Page MenuHomePhabricator

[LIBC] Add optimized memcpy routine for AArch64
ClosedPublic

Authored by avieira on Nov 27 2020, 9:12 AM.

Details

Reviewers
sivachandra
dxf
gchatelet
Group Reviewers
Restricted Project
Summary

Hi all,

This is an optimized memcpy routine for AArch64 using lessons learned from Arm's Optimized Routines(AOR) memcpy (the aarch64 Advanced SIMD one to be precise).
Benchmarked this on a Neoverse-N1 and it beats the current default implementation for both small and big configurations.

I am not entirely familiar with how the compile-time libc implementation selection works, so as you can see from this patch I've enabled this for 'AArch64', though maybe the community may want to choose different implementations for other AArch64 cores? I believe the non-Advanced SIMD variant of AOR's memcpy has been found to work better for earlier AArch64 cores for instance.

I'm curious to hear how the maintainers/community feel about this.

Kind Regards,
Andre

Diff Detail

Event Timeline

avieira created this revision.Nov 27 2020, 9:12 AM
Herald added a project: Restricted Project. · View Herald TranscriptNov 27 2020, 9:12 AM
avieira requested review of this revision.Nov 27 2020, 9:12 AM

Thanks for the patch. I am adding @gchatelet as a reviewer as he is the current owner/maintainer of the mem* functions.
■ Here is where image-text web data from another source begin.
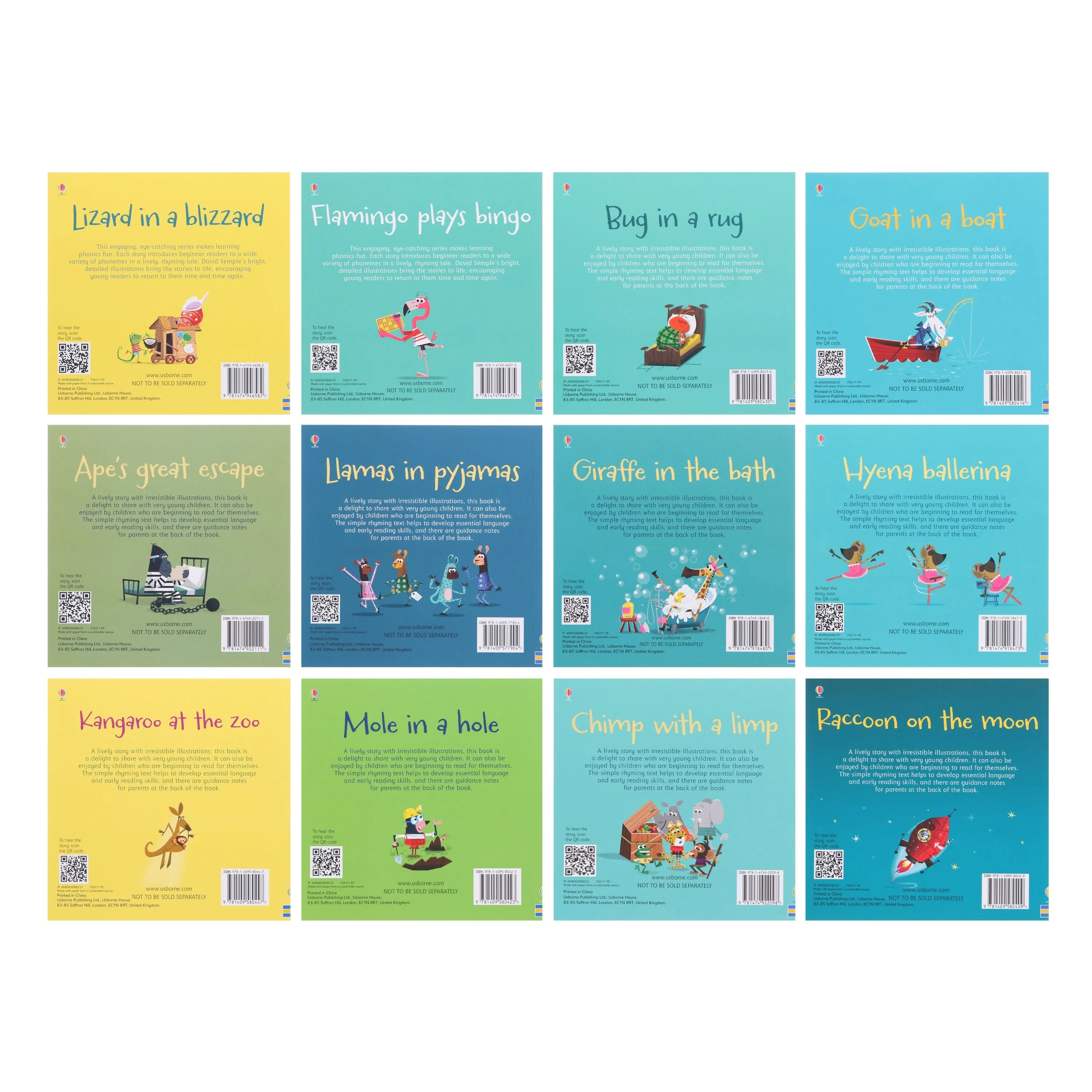 Usborne My First Phonics Reading Library 12 Books Box Set - Ages 0-5 - Paperback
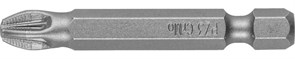 Кованые крестовые биты Зубр Мастер E1/4, PZ3x50мм, 2шт 26003-3-50-2
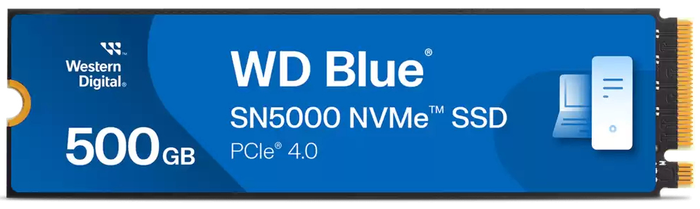 Western Digital Blue SN5000 SSD 500 GB M.2 PCI Express 4.0 NVMe 3D TLC NAND para Creadores y Profesionales Western Digital Blue SN5000 SSD 500 GB M.2 PCI Express 4.0 NVMe 3D TLC NAND para Creadores y Profesionales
My visual scan says the structuring is alright. Also, if libc builds with this patch applied and the tests pass, I guess that is proof enough that the structuring is alright. But, I will let @gchatelet drive the code review here.
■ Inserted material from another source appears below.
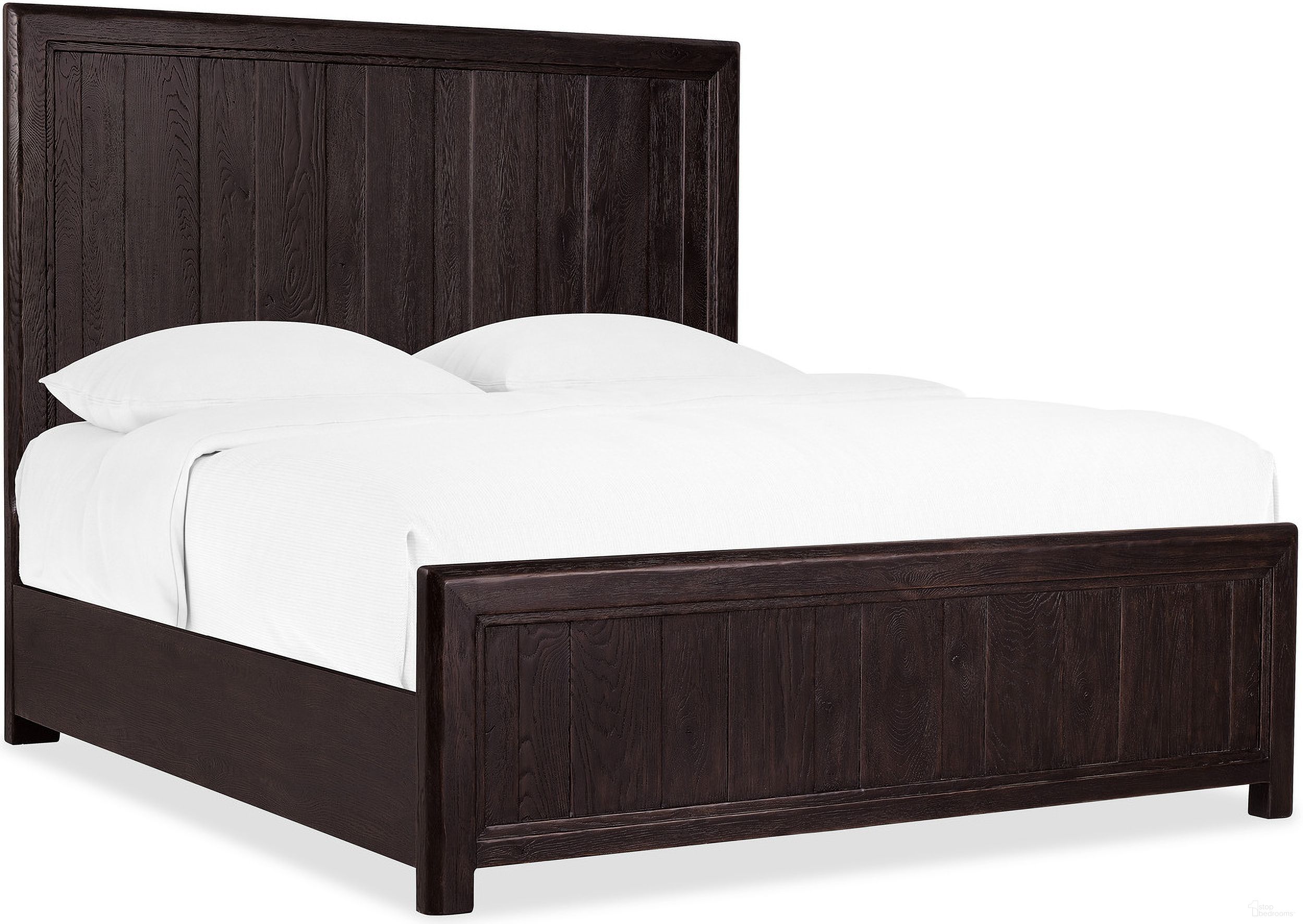 The appearance of Driftwood King Panel Bed In Black designed by Hooker in the transitional interior design. This black piece of furniture was selected by 1StopBedrooms from Driftwood Collection to add a touch of cosiness and style into your home. Sku: 6820-90266-99. Bed Type: Panel Bed. Material: Wood. Bed Size: King.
gchatelet added inline comments.Dec 1 2020, 4:20 AM
libc/src/string/CMakeLists.txt
218

This change is not needed: it will be handled by the else() clause.
We have a special case for x86 to be able to support 32 and 64 bits architectures with the same code.

libc/src/string/aarch64/memcpy.cpp
39

Please use the likely and unlikely macros from src/__support/common.h.def.
Here and below.

41–42

Pairs of CopyBlock used to produce an overlapping copy can make use CopyBlockOverlap from src/string/memory_utils/memcpy_utils.h instead.
Simply replace there two lines with CopyBlockOverlap<32>(dst, src, count)

52

ditto CopyBlockOverlap

55

ditto CopyBlockOverlap

68

ditto CopyBlockOverlap

72–104

I think the code here could be replaced with a call to CopyAlignedBlocks<64> from src/string/memory_utils/memcpy_utils.h which essentially aligns the destination pointers, copies blocks of 64 bytes and handles the trailing bytes with an overlapping copy.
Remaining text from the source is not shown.